* [WHAT THE TASK ASKS]:
What is wanted is every line below from the one with "Sakura Skincare Set,29PCS" up to and including the one with "20% Vitamin C", retyped exactly, pictures excluded, nothing else.

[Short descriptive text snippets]
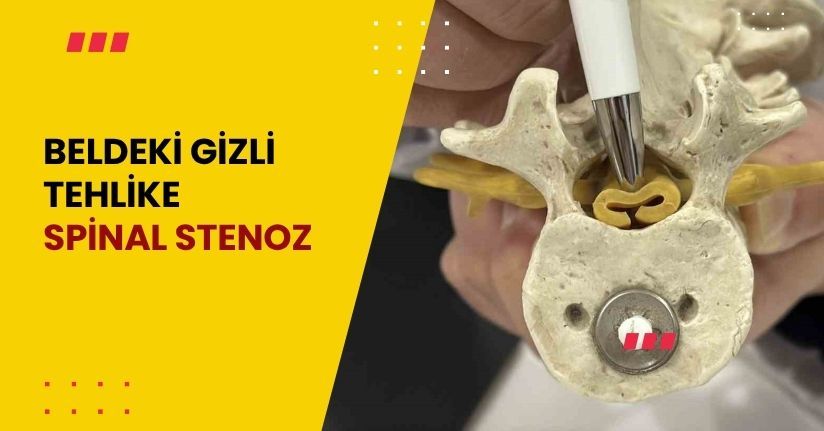 Beldeki gizli tehlike: Spinal stenoz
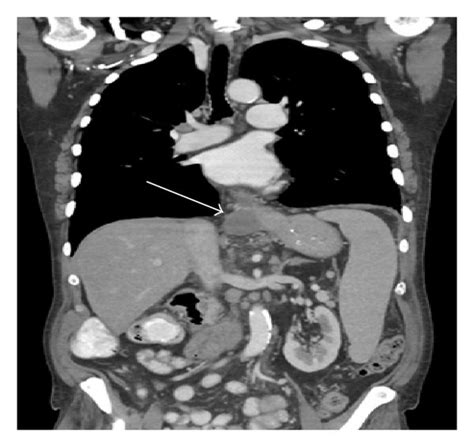 A Intravenous Contrast Enhanced Axial Ct Scan Of The Abdomen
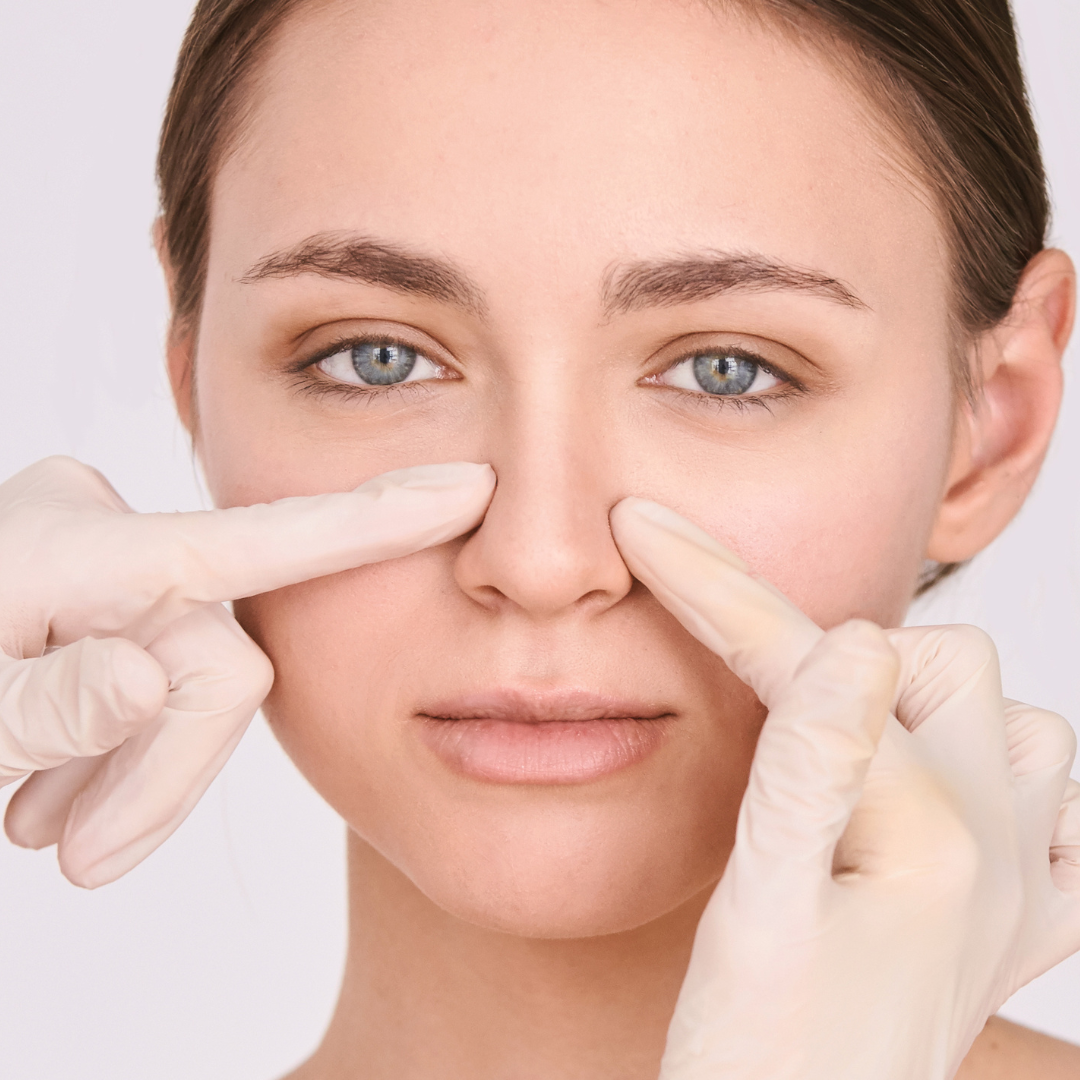 Cosmetic Nose Job in Dallas, Tx by Dr. John Burns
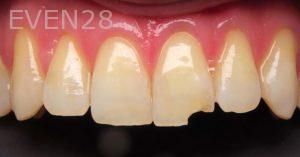 Patrick-Yoshikane-Dental-Bonding-Before-2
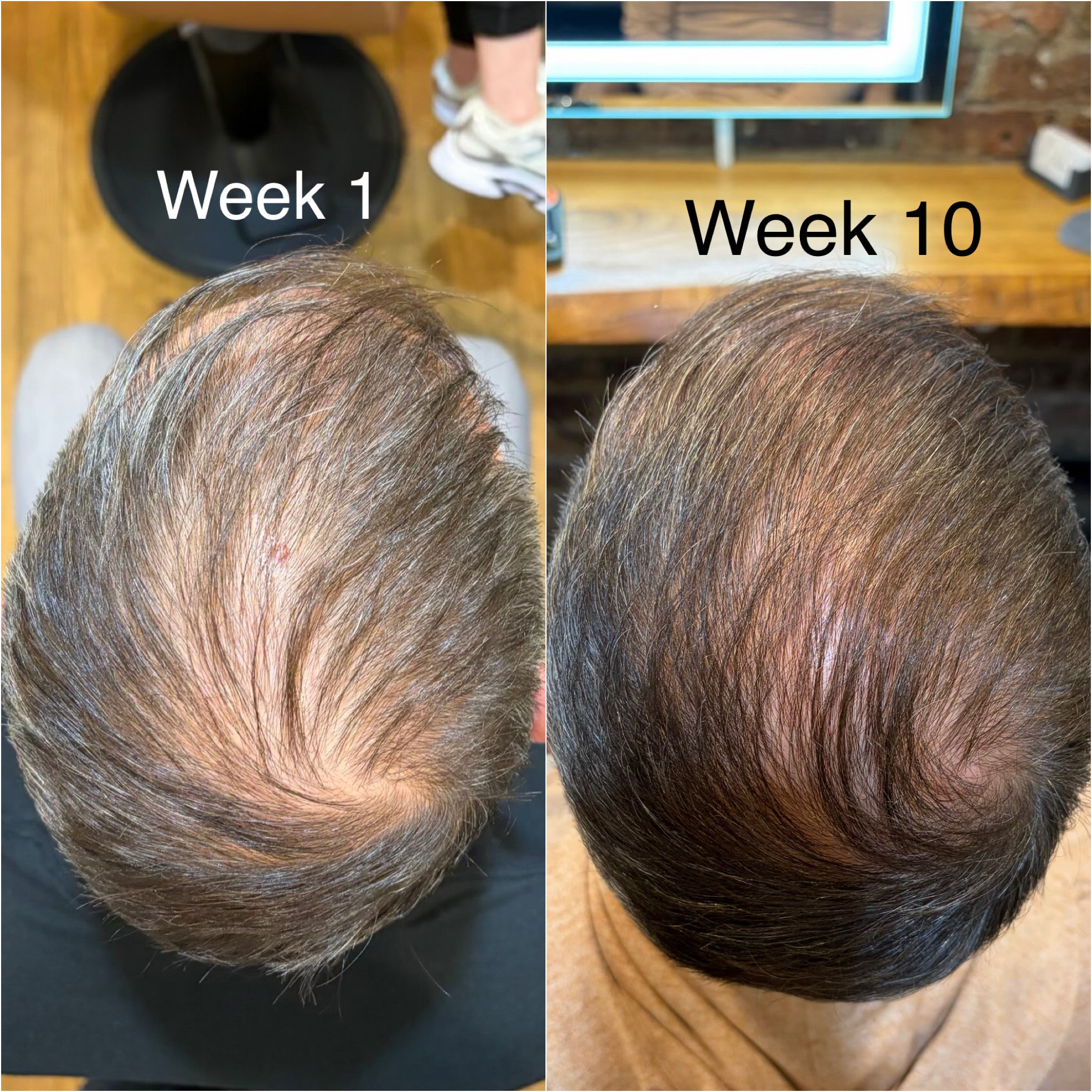 Calecim Hair Restoration Program
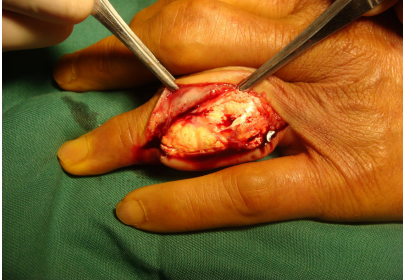 痛风_疾病介绍_治疗方法_介绍_治疗方式 - 好大夫在线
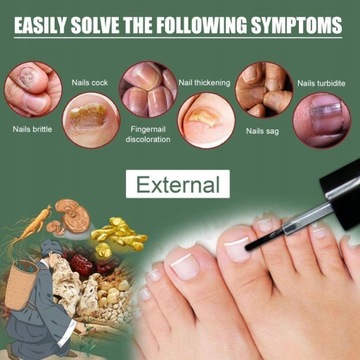 Nail Repair Essence Грибковая сыворотка 10 мл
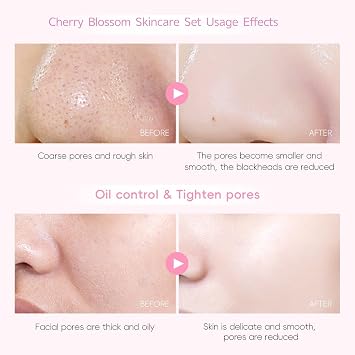 Sakura Skincare Set,29PCS Teenager Gifts Girls - Skincare Gift Set,Pamper Sets for Women Gifts,Complete Routine with Cleanser, Toner, Serum, Cream & Masks,Pamper Set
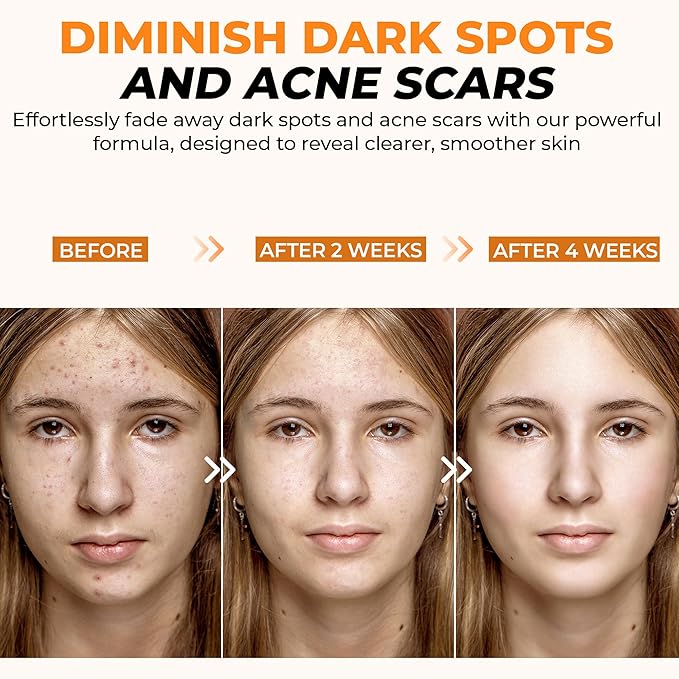 20% Vitamin C Serum 30ml - Maximum Strength Formula - Retinol, Hyaluronic Acid, Collagen - Treatment For Face & Eyes, Wrinkles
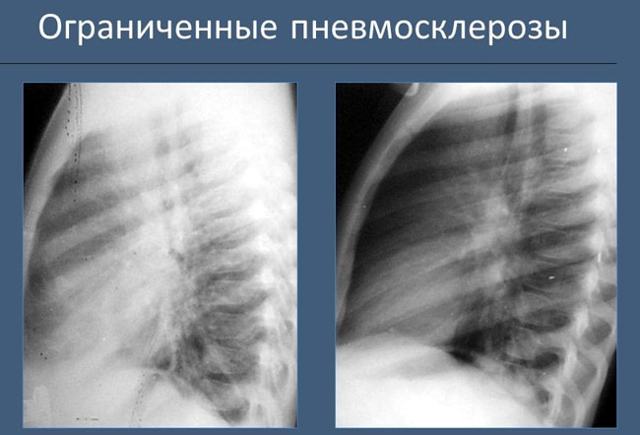 Что означают локальные пневмосклеротические фиброзные изменения в легких?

* [THE ANSWER]:
 Sakura Skincare Set,29PCS Teenager Gifts Girls - Skincare Gift Set,Pamper Sets for Women Gifts,Complete Routine with Cleanser, Toner, Serum, Cream & Masks,Pamper Set
 20% Vitamin C Serum 30ml - Maximum Strength Formula - Retinol, Hyaluronic Acid, Collagen - Treatment For Face & Eyes, Wrinkles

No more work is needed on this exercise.